Resource links provided by the National Library of Medicine

Drug Information available for: Leuprorelin

Arm Intervention/treatment
Experimental: A (PGL4001 5 mg)
Drug: PGL4001 5mg (oral tablets) and leuproreline matching placebo (intramuscular injection)
Drug: PGL4001
Other Name: Ulipristal acetate

Experimental: B (PGL4001 10mg)
Drug: PGL4001 10 mg (oral tablets) and leuproreline matching placebo (intramuscular injection)
Drug: PGL4001
Other Name: Ulipristal acetate

Active Comparator: C (GnRH-agonist)
PGL4001 matching placebo (oral tablets) and leuprorelin 3.75 mg (intramuscular injection)
Drug: leuprorelin
solution for injection
Other Name: GnRH-agonist

Primary Outcome Measures :
  1. Percentage of Subjects With Reduction of Uterine Bleeding at Week 13 Visit Defined as Pictorial Blood-loss Assessment Chart (PBAC) Score < 75 at End-of-treatment Visit (Week 13 Visit) [ Time Frame: 3 months ]

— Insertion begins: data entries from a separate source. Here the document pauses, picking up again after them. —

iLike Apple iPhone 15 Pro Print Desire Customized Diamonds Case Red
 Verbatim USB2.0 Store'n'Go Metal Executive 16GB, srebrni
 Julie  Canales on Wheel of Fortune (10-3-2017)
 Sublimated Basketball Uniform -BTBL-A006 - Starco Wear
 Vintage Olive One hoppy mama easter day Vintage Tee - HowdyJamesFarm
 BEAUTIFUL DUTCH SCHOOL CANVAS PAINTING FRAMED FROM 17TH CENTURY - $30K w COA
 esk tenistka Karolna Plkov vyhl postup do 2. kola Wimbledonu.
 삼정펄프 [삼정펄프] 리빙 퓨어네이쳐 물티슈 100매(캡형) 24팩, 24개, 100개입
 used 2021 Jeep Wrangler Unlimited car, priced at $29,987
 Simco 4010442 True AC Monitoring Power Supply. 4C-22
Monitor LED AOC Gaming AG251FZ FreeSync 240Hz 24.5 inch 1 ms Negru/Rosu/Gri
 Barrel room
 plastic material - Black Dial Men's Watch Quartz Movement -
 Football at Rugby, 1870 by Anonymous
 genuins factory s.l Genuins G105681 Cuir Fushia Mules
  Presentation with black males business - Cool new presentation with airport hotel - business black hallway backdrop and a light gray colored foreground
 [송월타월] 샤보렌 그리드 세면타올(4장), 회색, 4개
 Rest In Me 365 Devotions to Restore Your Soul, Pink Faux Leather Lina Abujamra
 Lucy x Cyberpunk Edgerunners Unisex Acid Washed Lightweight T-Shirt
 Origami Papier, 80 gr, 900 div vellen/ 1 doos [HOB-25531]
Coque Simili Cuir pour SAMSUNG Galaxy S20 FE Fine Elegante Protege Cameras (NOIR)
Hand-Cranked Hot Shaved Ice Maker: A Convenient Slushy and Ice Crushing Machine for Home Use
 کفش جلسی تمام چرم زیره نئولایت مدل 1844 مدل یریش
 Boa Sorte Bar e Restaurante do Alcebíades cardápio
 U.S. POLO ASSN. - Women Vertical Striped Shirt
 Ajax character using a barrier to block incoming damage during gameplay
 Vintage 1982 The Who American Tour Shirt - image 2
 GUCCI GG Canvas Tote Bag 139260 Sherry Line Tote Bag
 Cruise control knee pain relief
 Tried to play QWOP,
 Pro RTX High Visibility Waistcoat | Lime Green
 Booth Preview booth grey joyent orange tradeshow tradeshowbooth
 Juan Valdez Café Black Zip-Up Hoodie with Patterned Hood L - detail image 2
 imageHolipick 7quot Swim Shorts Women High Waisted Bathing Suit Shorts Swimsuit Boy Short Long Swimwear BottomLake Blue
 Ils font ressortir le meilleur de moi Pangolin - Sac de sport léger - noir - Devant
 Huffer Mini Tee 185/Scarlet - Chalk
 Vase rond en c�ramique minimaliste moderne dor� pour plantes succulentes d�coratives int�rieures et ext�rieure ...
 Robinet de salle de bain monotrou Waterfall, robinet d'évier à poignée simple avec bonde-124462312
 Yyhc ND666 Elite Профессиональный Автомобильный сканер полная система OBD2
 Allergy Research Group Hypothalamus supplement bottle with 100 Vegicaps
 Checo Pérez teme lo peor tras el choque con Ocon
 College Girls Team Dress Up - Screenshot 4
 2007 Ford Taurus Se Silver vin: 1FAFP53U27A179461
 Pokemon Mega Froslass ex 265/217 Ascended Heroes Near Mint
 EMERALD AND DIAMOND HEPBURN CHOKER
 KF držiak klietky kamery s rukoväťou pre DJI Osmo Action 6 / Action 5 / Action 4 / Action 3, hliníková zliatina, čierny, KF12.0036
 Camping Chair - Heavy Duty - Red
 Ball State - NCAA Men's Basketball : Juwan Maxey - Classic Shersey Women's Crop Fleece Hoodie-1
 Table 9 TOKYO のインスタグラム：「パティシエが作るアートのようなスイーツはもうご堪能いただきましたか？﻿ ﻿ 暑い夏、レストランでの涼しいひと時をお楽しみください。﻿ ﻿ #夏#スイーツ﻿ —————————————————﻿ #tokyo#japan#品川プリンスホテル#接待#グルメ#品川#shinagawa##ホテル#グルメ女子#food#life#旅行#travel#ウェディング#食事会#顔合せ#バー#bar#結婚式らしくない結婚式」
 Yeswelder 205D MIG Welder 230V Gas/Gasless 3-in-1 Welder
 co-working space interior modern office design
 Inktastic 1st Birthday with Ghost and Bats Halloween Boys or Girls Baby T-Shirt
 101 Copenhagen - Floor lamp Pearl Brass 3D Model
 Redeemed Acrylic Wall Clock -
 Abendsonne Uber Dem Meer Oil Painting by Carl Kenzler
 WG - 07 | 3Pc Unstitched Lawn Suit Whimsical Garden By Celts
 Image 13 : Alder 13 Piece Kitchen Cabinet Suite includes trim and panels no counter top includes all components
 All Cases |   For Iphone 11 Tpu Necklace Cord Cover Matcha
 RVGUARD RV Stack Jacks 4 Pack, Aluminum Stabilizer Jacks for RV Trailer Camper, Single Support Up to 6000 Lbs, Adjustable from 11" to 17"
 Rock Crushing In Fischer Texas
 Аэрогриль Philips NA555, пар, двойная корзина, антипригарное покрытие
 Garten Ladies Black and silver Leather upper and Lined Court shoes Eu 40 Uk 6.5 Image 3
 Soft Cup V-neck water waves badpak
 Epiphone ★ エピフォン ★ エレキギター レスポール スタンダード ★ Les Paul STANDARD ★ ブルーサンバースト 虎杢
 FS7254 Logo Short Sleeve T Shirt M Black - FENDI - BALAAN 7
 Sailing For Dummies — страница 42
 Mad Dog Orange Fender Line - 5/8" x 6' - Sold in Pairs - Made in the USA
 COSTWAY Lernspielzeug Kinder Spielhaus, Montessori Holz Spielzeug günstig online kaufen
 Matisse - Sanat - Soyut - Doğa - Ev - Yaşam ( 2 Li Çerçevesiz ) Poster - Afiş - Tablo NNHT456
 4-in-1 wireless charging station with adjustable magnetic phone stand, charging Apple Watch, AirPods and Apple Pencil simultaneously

    Uterine bleeding was assessed with the use of the PBAC, a validated self-reporting method to estimate menstrual blood loss.

    Patients recorded daily the number of tampons and towels used and the degree to which individual items were soiled with blood (plus small or large clots). Monthly scores range from 0 (amenorrhea) to more than 500, with higher numbers indicating more bleeding.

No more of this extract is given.